### What you will do
Give the data again exactly, without its images.

### Provided material
== Segment start ==
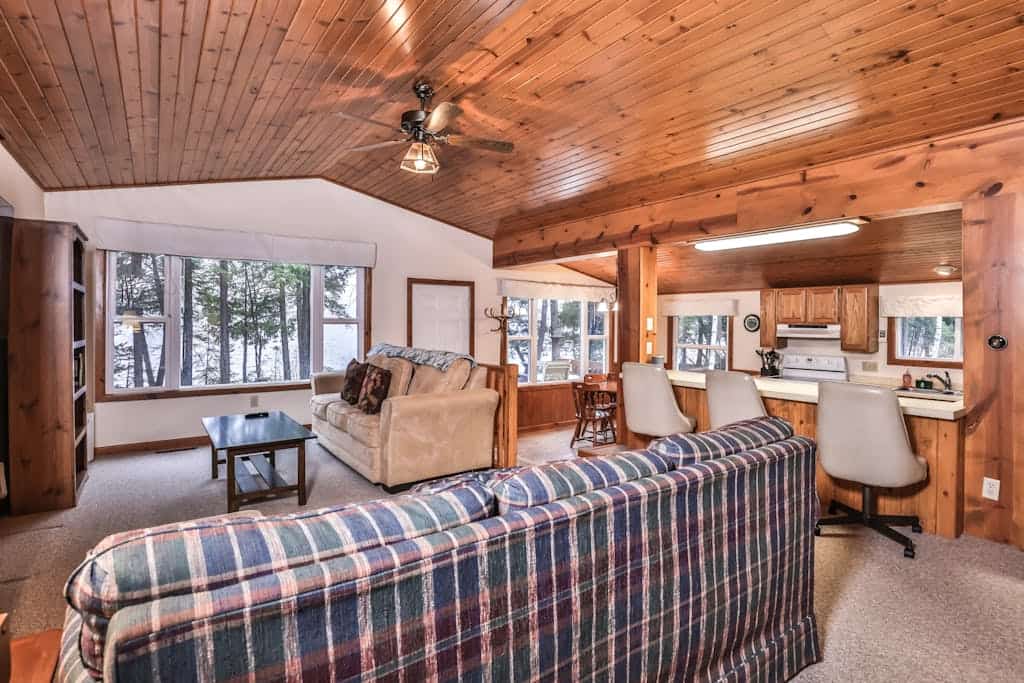 Dog-friendly lakefront cottage with private dock, firepit, grill & washer/dryer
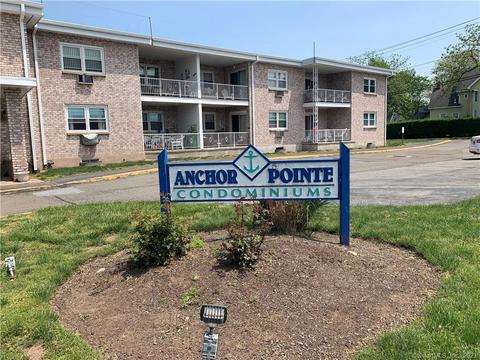 40 Chapel St #104, Milford, CT 06460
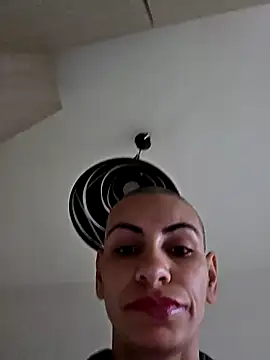 Snapshot of hotSANDRA_STARR chatting on 10-10-25, 02:51 hotSANDRA STARR online show from 10-10-25, 02:51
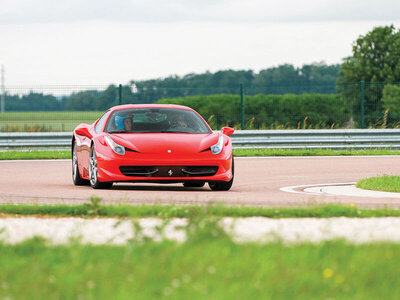 Coffret Session de pilotage de 6 ou 7 tours de circuit au volant d'une Ferrari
== Segment end ==
### Answer to the exercise
 Dog-friendly lakefront cottage with private dock, firepit, grill & washer/dryer
 40 Chapel St #104, Milford, CT 06460
 Snapshot of hotSANDRA_STARR chatting on 10-10-25, 02:51 hotSANDRA STARR online show from 10-10-25, 02:51
 Coffret Session de pilotage de 6 ou 7 tours de circuit au volant d'une Ferrari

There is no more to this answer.